The dataset can be found in a figshare repository (Weng et al.22, and are licensed under CC BY.
The database, which includes three main components (occurrence records, DNA barcode data and functional traits), is organized into three distinct files formatted as ‘. Xlsx’. Instances of missing data within these files have been systematically designated as NA.

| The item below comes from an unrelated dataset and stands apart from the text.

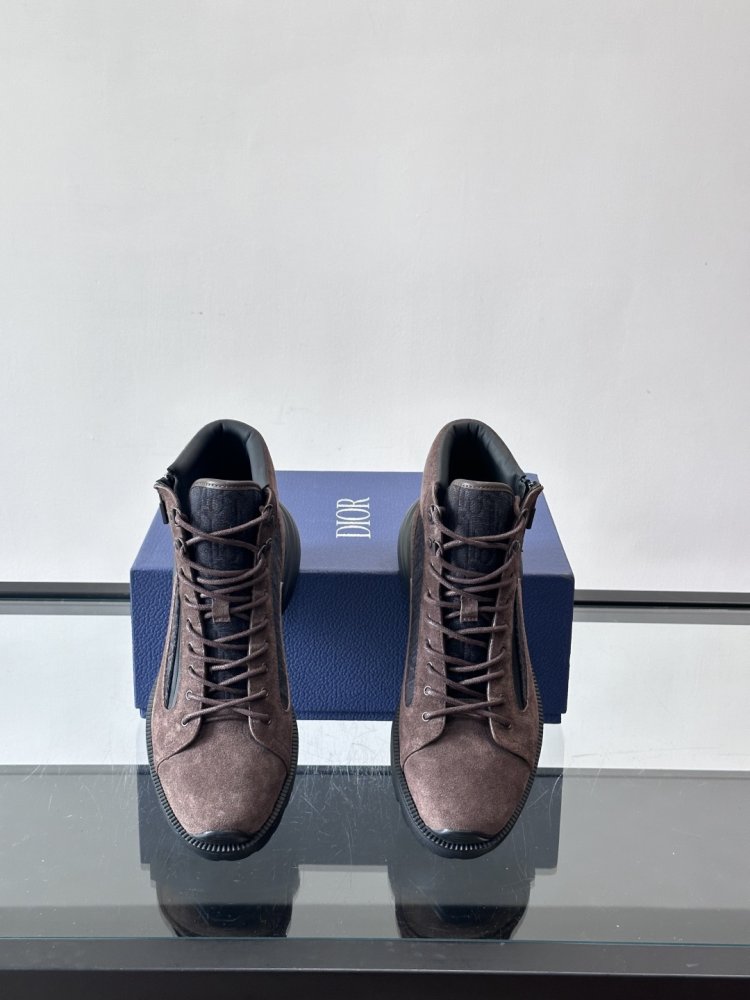 Sneakers men's high фото 6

The “Occurrence_data.xlsx” file consists two sheets: one entitled ‘species distribution records’ and the other ‘species list’. Each record within the ‘species distribution records’ sheet contains detailed information, including the taxonomic category of the species, viz., family, genus, and species, as well as specific specimen details including latitude and longitude, date of collection, habitat type, depth, source of data, and country/region. Taxonomic category columns clarify the classification hierarchy, incorporating scientific names along with the author’s surname and the year of naming. Data sourced from public databases are marked with the respective database name, such as GBIF or OBIS, whereas literature-derived entries include the title of the publication. The depth column indicates the vertical water depth (in meters) where the species was found, and the habitat column characterizes the environments from which the specimens were collected. The ‘species list’ sheet provides taxonomic classifications for each species, including family, genus, and species.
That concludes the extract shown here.